*ACTION ITEM*: Can the lines below, from the one that holds "Fingerlose Strickt Damen" to the very end, be echoed exactly, with both ends included and no pictures?

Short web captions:
-*-
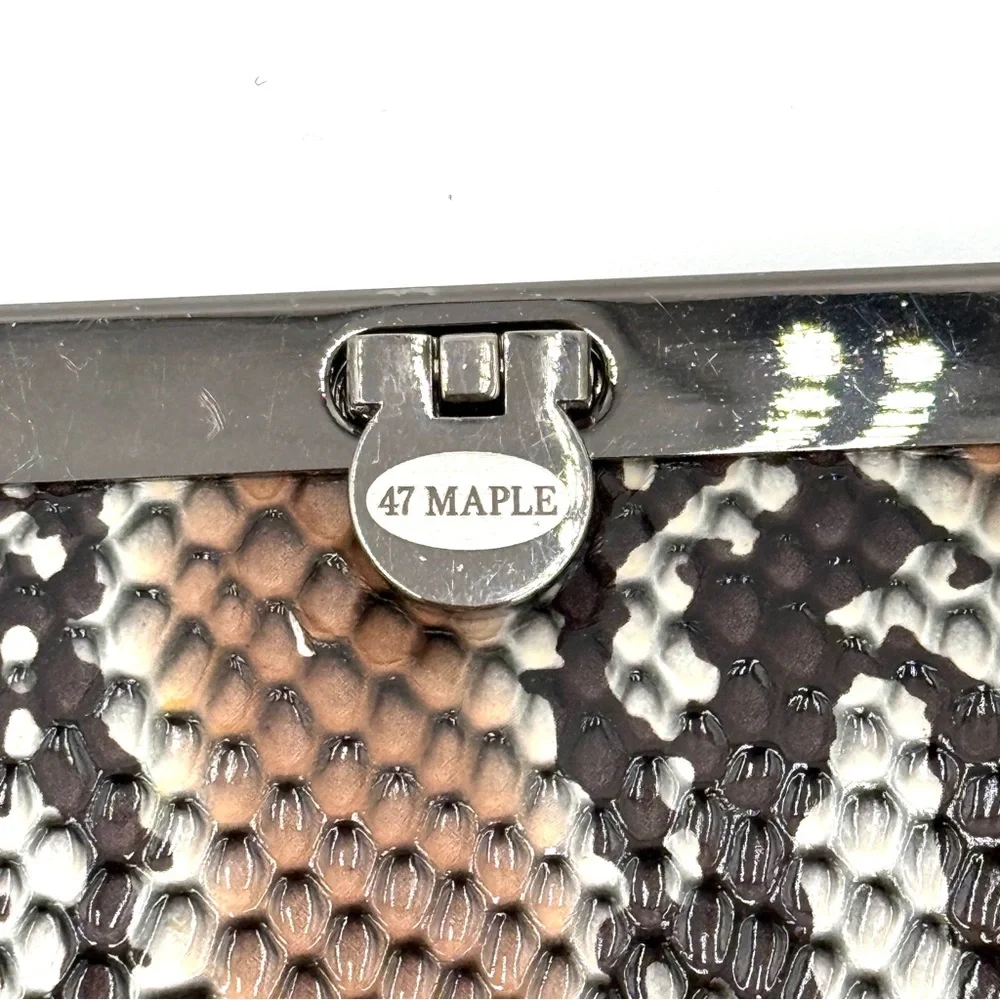47 Maple Snakeskin Clutch with Metal Trim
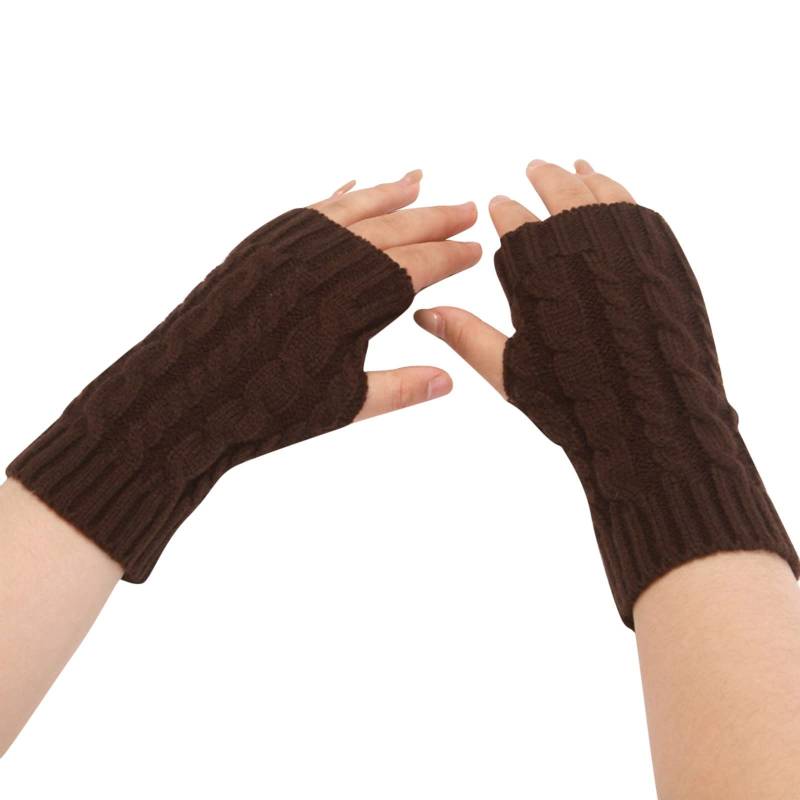 Fingerlose Strickt Damen Schwarz Kleidung Zubehör Winterhandschuhe Weiche warme Gestrickt Handgelenk Schwarz Lange Unisex für halten Frauen von Generic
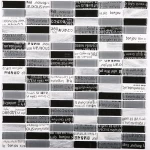 Glass Mix Marble Stone Chip Size 23X73mm white and black Mosaic Factory Square Kitchen Mosaics Glass Marble Backsplash Tile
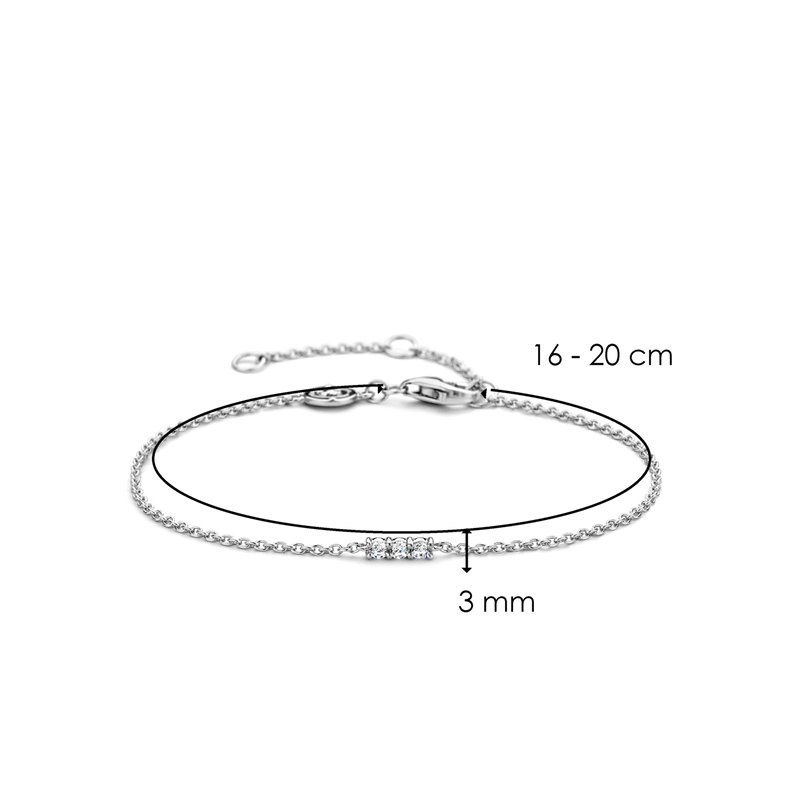 Triple Cubic Zirconia Center Stones Silver Bracelet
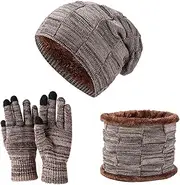 [Nurdo] Winter Knitted Beanie Hat and Scarf Gloves Set Thick Fleece Lined Warm Cap Neck Warmer Touchscreen Gloves for Men Women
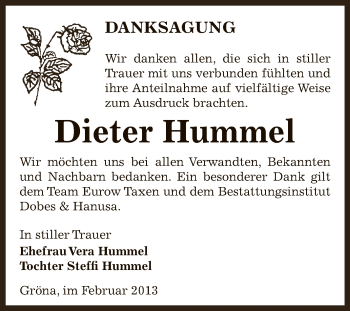 Traueranzeige von Dieter Hummel von Mitteldeutsche Zeitung Bernburg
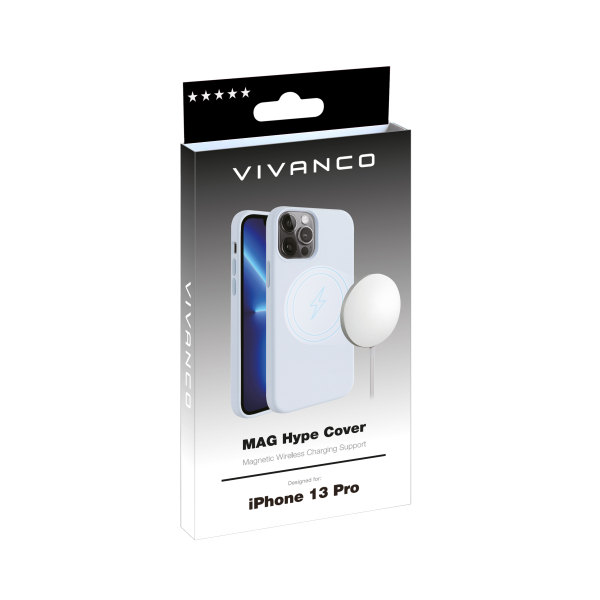 VIVANCO MAG HYPE COVER IPHONE 13 PRO sky blue backcover - Image 2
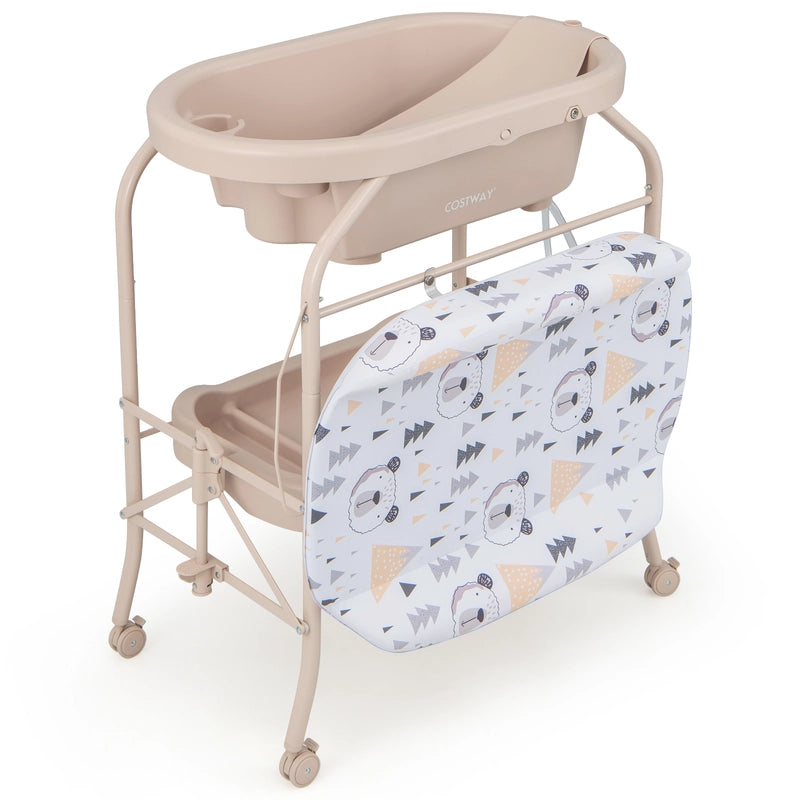 2-in-1 Baby Change Table with Bathtub and Folding Changing Station-Beige
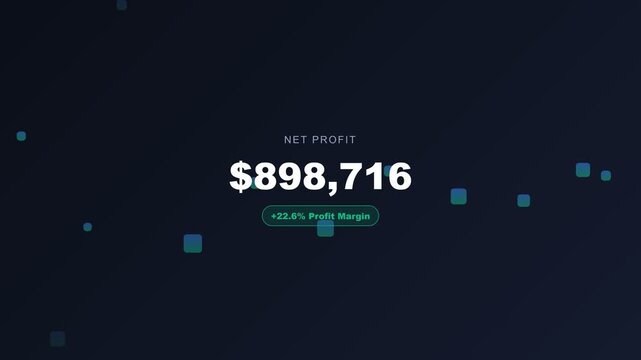 Net Profit Growth Rising Particles Animation - Business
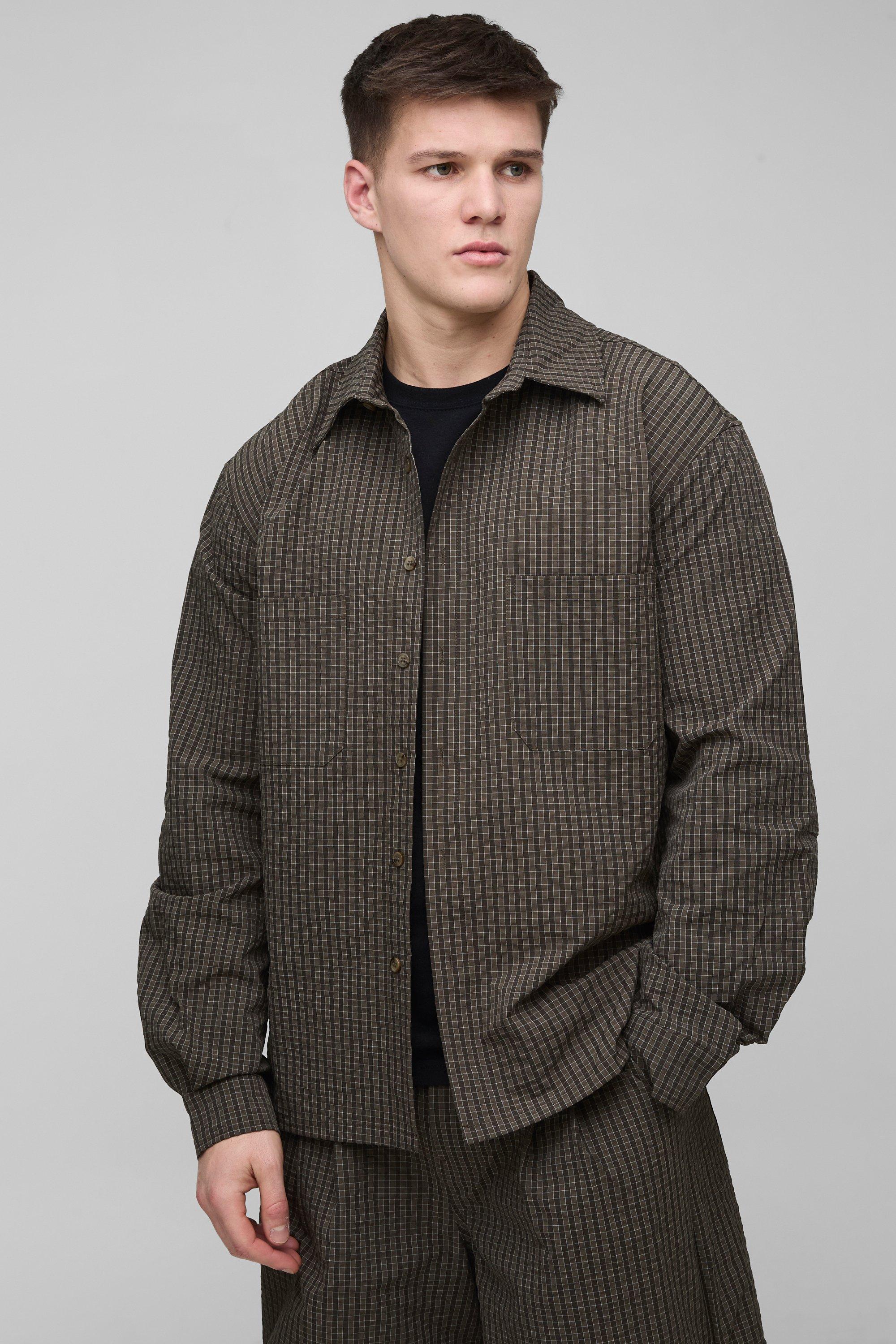 Camicia Tall oversize in nylon ripstop a quadri con pieghe sul ginocchio, Grigio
-*-
*ANSWER TO THIS PROBLEM*:
 Fingerlose Strickt Damen Schwarz Kleidung Zubehör Winterhandschuhe Weiche warme Gestrickt Handgelenk Schwarz Lange Unisex für halten Frauen von Generic
 Glass Mix Marble Stone Chip Size 23X73mm white and black Mosaic Factory Square Kitchen Mosaics Glass Marble Backsplash Tile
 Triple Cubic Zirconia Center Stones Silver Bracelet
 [Nurdo] Winter Knitted Beanie Hat and Scarf Gloves Set Thick Fleece Lined Warm Cap Neck Warmer Touchscreen Gloves for Men Women
 Traueranzeige von Dieter Hummel von Mitteldeutsche Zeitung Bernburg
 VIVANCO MAG HYPE COVER IPHONE 13 PRO sky blue backcover - Image 2
 2-in-1 Baby Change Table with Bathtub and Folding Changing Station-Beige
 Net Profit Growth Rising Particles Animation - Business
 Camicia Tall oversize in nylon ripstop a quadri con pieghe sul ginocchio, Grigio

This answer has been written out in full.